Life Healthcare, on the other hand, has opted to invest in its European imaging division and to enter the same market locally. Imaging has contributed 30% to Life’s revenue and 32% to its earnings before interest, tax, depreciation and amortisation (ebitda) for the six months to end-March. It had 150 MRI scanners, 55 PET-CT scanners and 11 radiopharmacy cyclotron sites in Europe and the UK at end-March.
Locally, Life Healthcare bought an imaging business that operates in five of its hospitals for R203m in February. It also announced a joint venture with Midrand-based Axim, a supplier of diagnostic imaging equipment, to build SA’s first dual cyclotron facility in Gauteng. It should be up and running by 2024. According to the International Atomic Energy Agency, cyclotrons are used to create medical radioactive isotopes on site.
Thus, there is a clear divergence in strategy between Netcare and Life Healthcare.
Netcare is positioning itself in the acute hospitalisation and primary care space through a digital offering to patients.
With interest rates around the world on the up, Netcare’s prudence in decreasing debt may stand shareholders in good stead
Life Healthcare is expanding in the diagnostic imaging field, with increased investments in this space abroad and locally. It is now also, through its offshore businesses, to be regarded as a rand hedge, with almost a third of revenue derived from abroad.
What does bode ill for Life Healthcare is its venture into pharmacological product development. As Aspen has shown in years gone by, developing drugs is a capital-hungry venture. Why would a company offering physical health-care treatment through hospital beds and imaging want to dabble in drugs? And to top it off, clinical trials for one of the Alzheimer’s drugs, Aduhelm, aren’t going well. US medical authorities had to reimburse participants who paid to partake in the trial.
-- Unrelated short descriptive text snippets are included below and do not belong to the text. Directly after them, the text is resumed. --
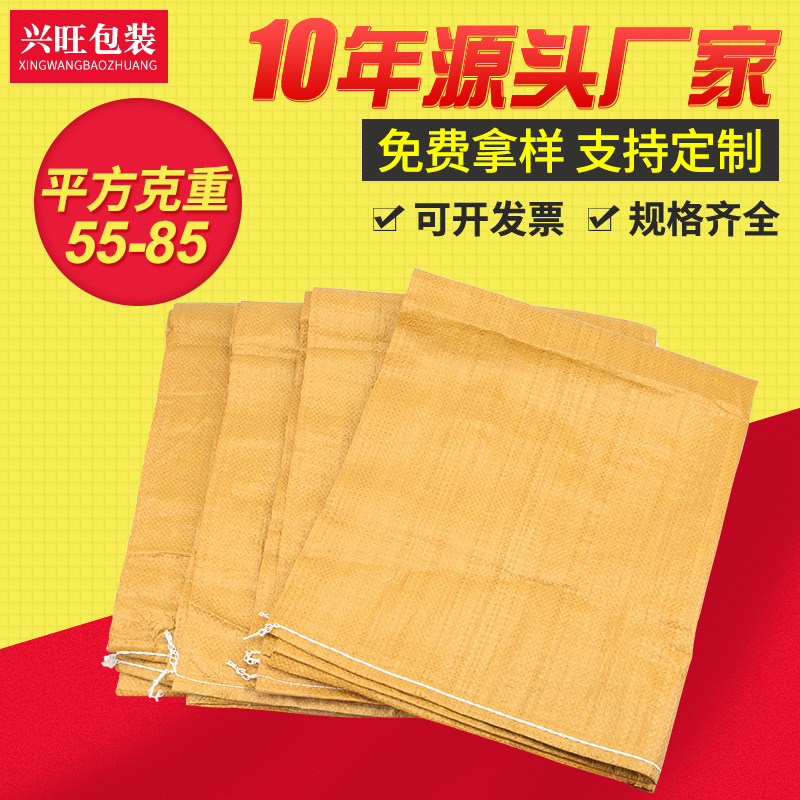 生产厂家定制黄色大号物流服装包装袋 防水塑料蛇皮袋打包编织袋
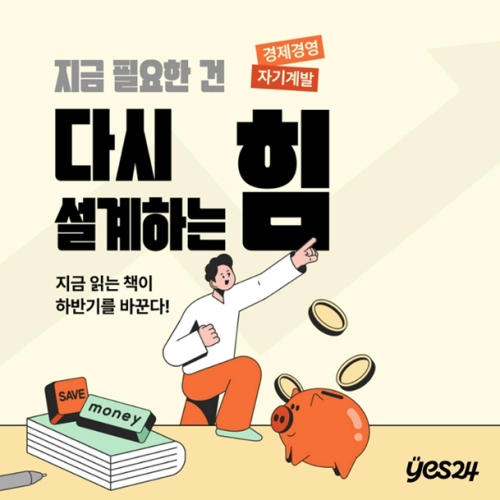 ‘코스피 7000시대’에 접어들면서 투자와 재테크 관심이 높아지자 예스24가 관련 도서 기획전과 강연회를 준비했다. 예스24 제공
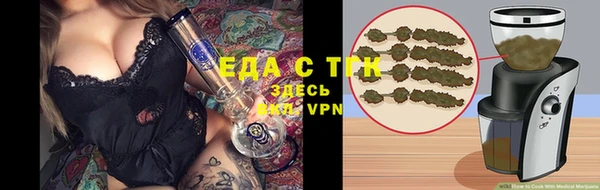 эйфоретик Баксан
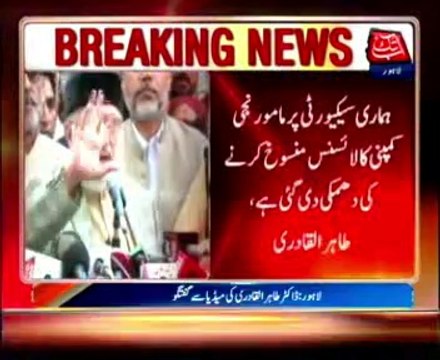 Tahir ul Qadri declares Govt as terrorist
Looking at each company’s debt, Netcare brought its total debt down to R6.76bn at end-March from R8.47bn a year prior. Life Healthcare cut its debt to R12.07bn at end-March from R13.05bn a year earlier, mainly thanks to the rand strengthening against the pound. Life Healthcare has R3.95bn of debt maturing next year, and the company told analysts at its interim results presentation that it will seek to refinance a part of this through an issue of rand-denominated bonds.
This leaves Netcare with a net debt to ebitda ratio of 1.7 at end-March, an improvement from two a year earlier. Life Healthcare, on the other hand, saw some slippage with its net debt to normalised ebitda ratio worsening to 2.03 at end-March, from 1.82 a year earlier. With interest rates around the world on the up, Netcare’s prudence in decreasing debt may stand shareholders in good stead.
IM’s prescription at this delicate juncture would be a long position on Netcare and a short on Life Healthcare.